You know you're getting old when you analyze whether the situation is worth the risk or be safe and don't proceed. I guess the word isn't "old" but I think you get my drift. When we are young and invincible, we look at things as an adventure, worth the adrenaline rush. When we realize that, hey I could potentially get hurt and then money won't be coming in, bills won't be paid, and will I still have a job; our view of adventure changes. West glacier trail did this to me on Saturday.
The trail begins nice and flat. It is wide and well maintained and the majority of the ice has melted. I just love to see the waterfalls but I always feel the pictures don't do justice. After about a mile or so the trail goes into switchbacks as it ascends the mountain side of Mt McGinnis.
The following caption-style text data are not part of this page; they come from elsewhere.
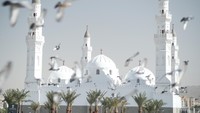 Masjid Quba berdiri di atas tanah milik Kalsum bin Hadam dari Kabilah Amru bin Auf. Rasulullah SAW yang mendesain bangunan masjid dan melakukan peletakan batu pertama. Foto: iStock/Ziquan Ying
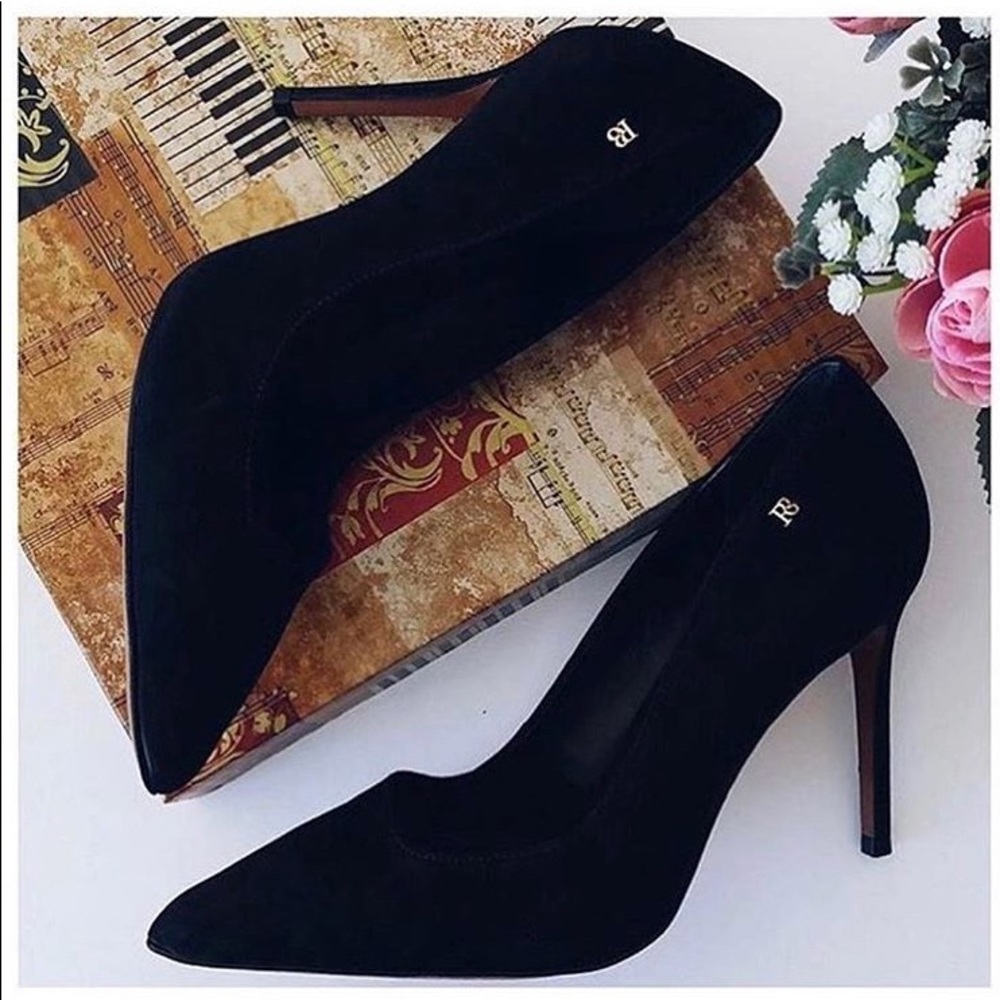Classic Pointed-Toe Pumps Black Raphaella Booz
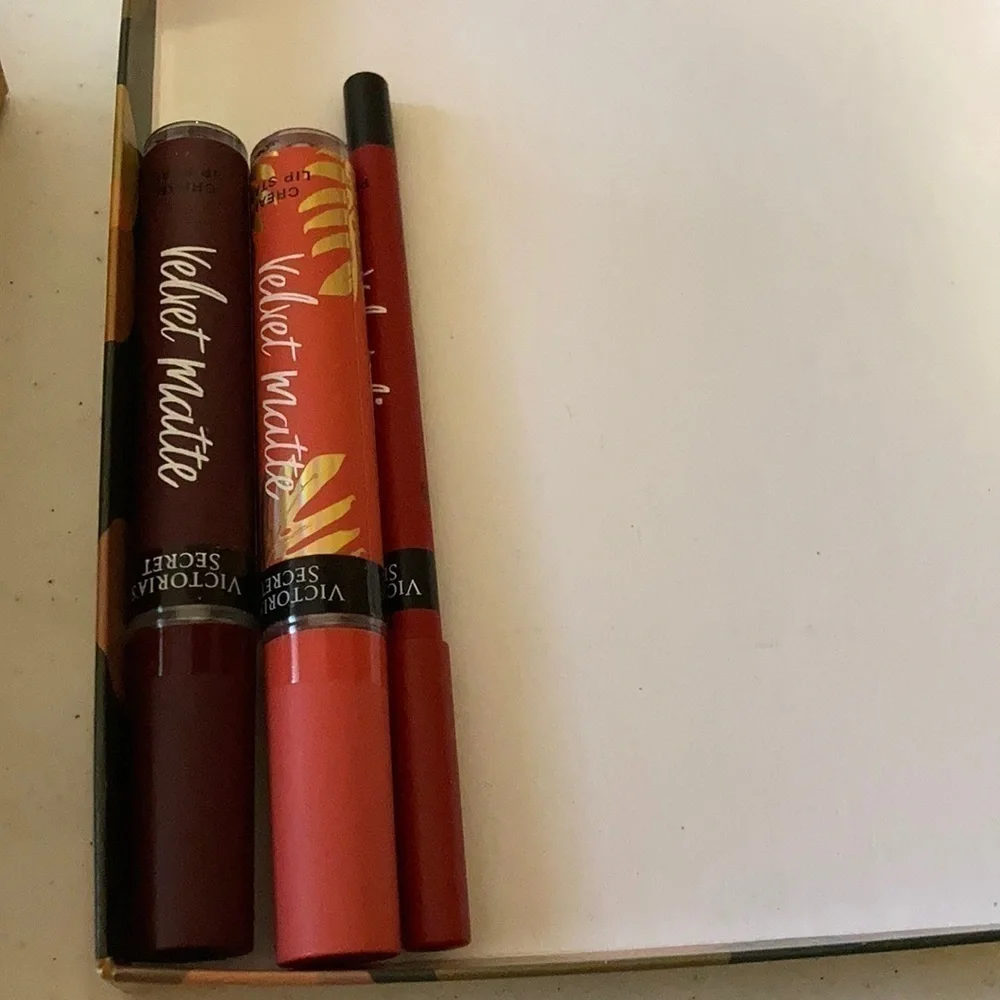 Victoria’s Secret lipstick bundle
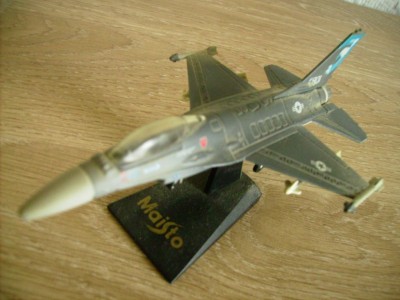 Et enfin le détail qui tue : un petit F-16 qui symbolise bien l’aviation militaire des Etats-Unis !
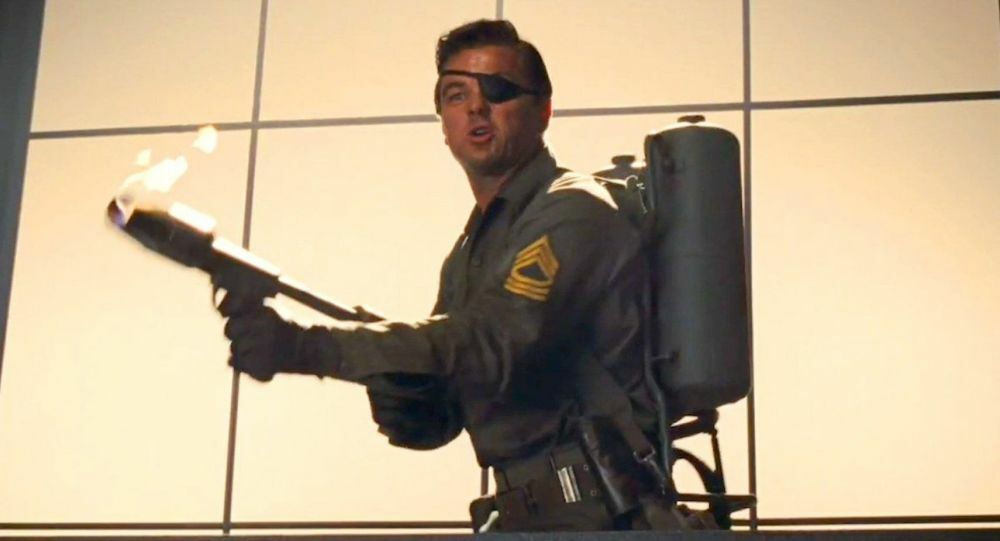 Clicca per vedere l'immagine originale Leonardo DiCaprio in una scena di C'Era Una Volta A... Hollywood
There is a nice bench to catch your breath and catch a view of Mendenhall lake. Weather was great for the end of March; I believe it reached 56 degrees. Winter coat is put away!!!
Still looking for wild life! Today, I only saw this bird who I believe was preening for the girls. Charlie made it difficult to get good pictures, but here are a few that I did get.
So I reach the split in the trail where you can continue up Mount McGinnis or continue with the west glacier trail which should lead you to the "backside" of the glacier. You actually don't go backside because the glacier goes on for miles, but you are able to look across it toward the visitor center. Just a really neat perspective of the glacier.
The Trail going up Mount McGinnis is rated as hard, so I don't have it on my "must do before I leave" list. West Glacier on the other hand is on my list. Shortly past the split in the trail you get your first view of the glacier. It is a great place to catch your breath, have a snack and do some photos.
And this is where the maintained trail ends!
I stood staring at this trailhead pondering if I dare try it. Now for those who are avid hikers, are young and adventurous, this would be a no-brainer. But, I only am a modest hiker, and alone. If I had a hiker partner, I would definitely have continued on. In my defense, in the 2.5 miles I hiked, I saw zero other hikers.
I probably stood at this trail head for about 10 minutes debating. I kept wondering, is this the easy part, does it get super sketchy, and I have to come back the same way. Oh, and lets not forget, I have Charlie with too! I even called Scott, sent him the picture, and took the advise of safety first. After talking to some locals this week, I found out I probably made the right decision. The most injuries come from that portion of the trail.
On our way back, we began seeing more hikers. Evidently, hiking here in Alaska doesn't start mid morning. It seems that I meet most hikers after the noon hour. Charlie and I had a great day!